Among the entries below, which lines run from the line with "So I'll keep" through the line with "Step 2: Disable"? Retype those, both ends included, exactly and without pictures.

● **Entries provided**
--*--

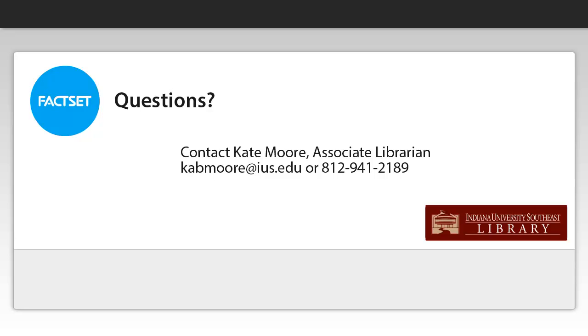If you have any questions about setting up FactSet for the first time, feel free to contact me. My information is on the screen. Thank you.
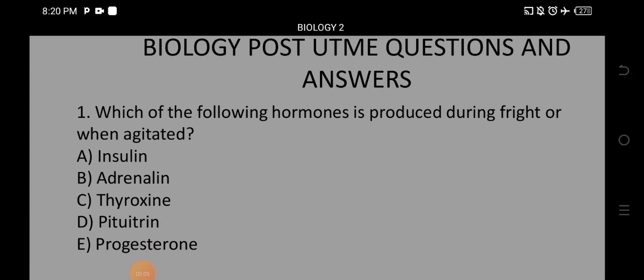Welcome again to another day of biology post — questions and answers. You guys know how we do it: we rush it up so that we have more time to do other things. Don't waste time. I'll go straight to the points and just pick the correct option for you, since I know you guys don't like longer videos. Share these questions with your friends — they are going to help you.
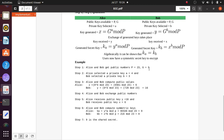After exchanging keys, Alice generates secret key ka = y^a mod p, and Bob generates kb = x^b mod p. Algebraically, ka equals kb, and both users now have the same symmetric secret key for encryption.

--*--

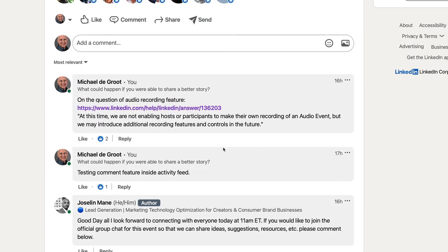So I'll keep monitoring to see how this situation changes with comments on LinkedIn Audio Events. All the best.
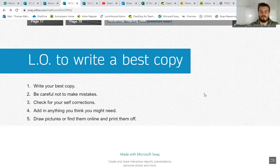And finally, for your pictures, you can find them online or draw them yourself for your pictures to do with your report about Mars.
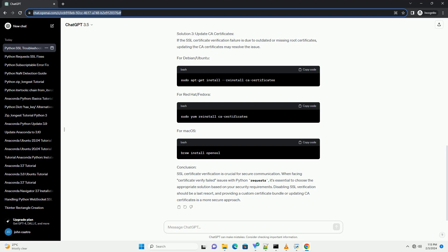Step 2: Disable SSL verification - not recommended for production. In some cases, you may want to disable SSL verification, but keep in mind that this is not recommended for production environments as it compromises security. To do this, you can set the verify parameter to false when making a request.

--*--

● **Your response**
So I'll keep monitoring to see how this situation changes with comments on LinkedIn Audio Events. All the best.
And finally, for your pictures, you can find them online or draw them yourself for your pictures to do with your report about Mars.
Step 2: Disable SSL verification - not recommended for production. In some cases, you may want to disable SSL verification, but keep in mind that this is not recommended for production environments as it compromises security. To do this, you can set the verify parameter to false when making a request.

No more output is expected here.